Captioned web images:
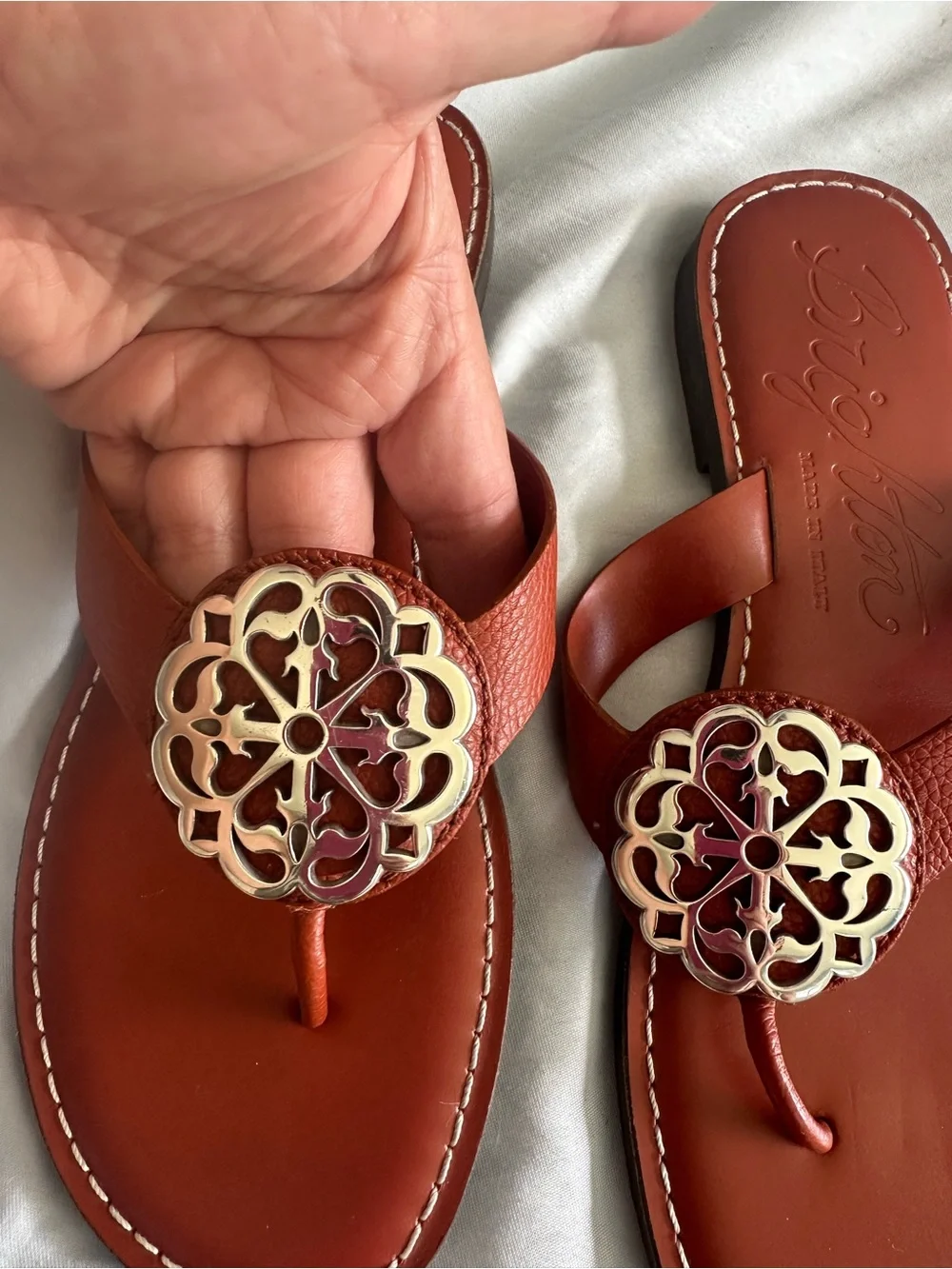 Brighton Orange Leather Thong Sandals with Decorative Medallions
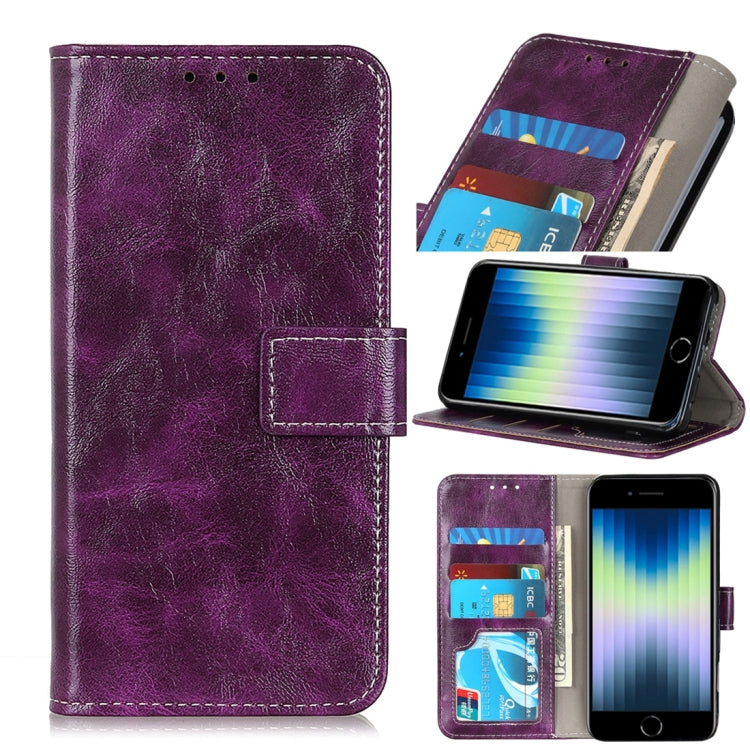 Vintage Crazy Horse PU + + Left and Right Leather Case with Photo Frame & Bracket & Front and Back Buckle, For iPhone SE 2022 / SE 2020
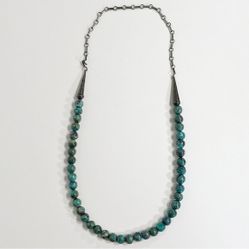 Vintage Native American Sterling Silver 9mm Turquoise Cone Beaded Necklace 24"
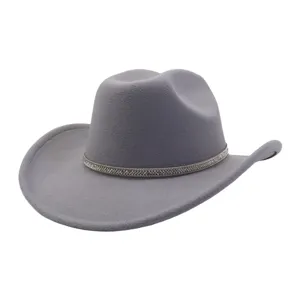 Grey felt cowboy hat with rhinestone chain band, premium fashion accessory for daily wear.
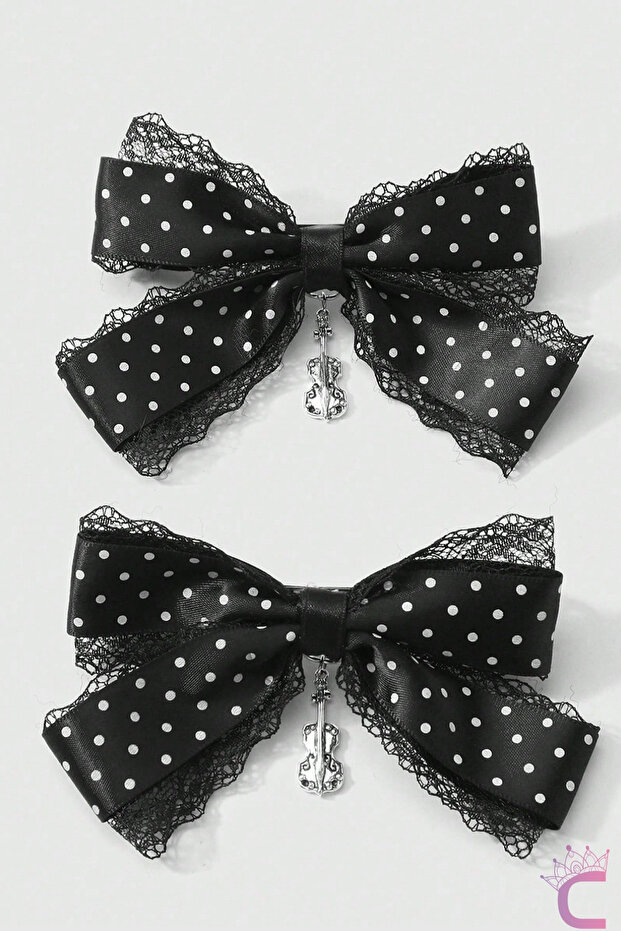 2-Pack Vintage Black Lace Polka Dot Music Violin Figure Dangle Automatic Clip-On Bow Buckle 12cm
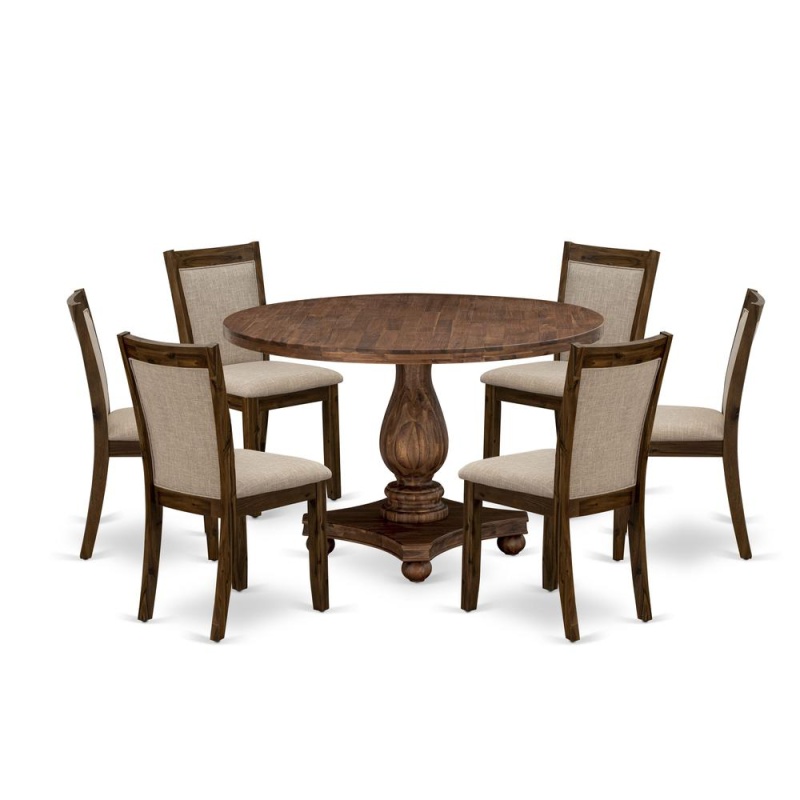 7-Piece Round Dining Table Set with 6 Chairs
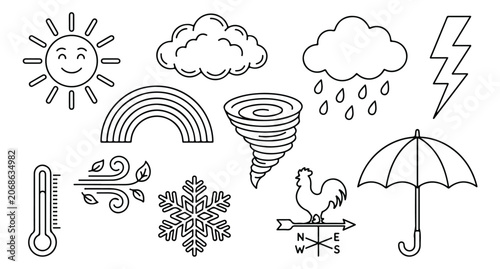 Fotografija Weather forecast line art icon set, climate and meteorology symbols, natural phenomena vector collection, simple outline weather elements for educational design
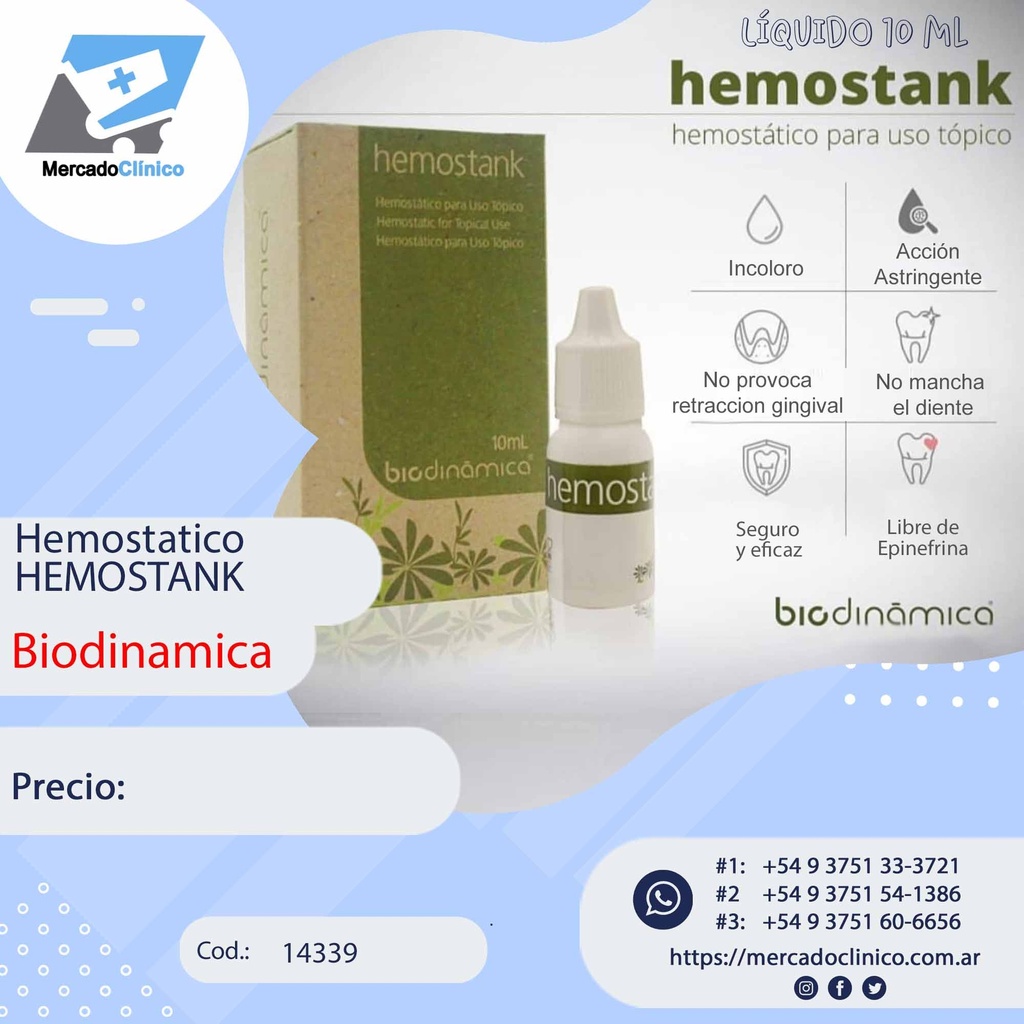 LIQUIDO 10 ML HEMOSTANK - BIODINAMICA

PROMPT » What you produce should repeat the data word for word while omitting all images.

OUTPUT »
 Brighton Orange Leather Thong Sandals with Decorative Medallions
 Vintage Crazy Horse PU + + Left and Right Leather Case with Photo Frame & Bracket & Front and Back Buckle, For iPhone SE 2022 / SE 2020
 Vintage Native American Sterling Silver 9mm Turquoise Cone Beaded Necklace 24"
 Grey felt cowboy hat with rhinestone chain band, premium fashion accessory for daily wear.
 2-Pack Vintage Black Lace Polka Dot Music Violin Figure Dangle Automatic Clip-On Bow Buckle 12cm
 7-Piece Round Dining Table Set with 6 Chairs
 Fotografija Weather forecast line art icon set, climate and meteorology symbols, natural phenomena vector collection, simple outline weather elements for educational design
 LIQUIDO 10 ML HEMOSTANK - BIODINAMICA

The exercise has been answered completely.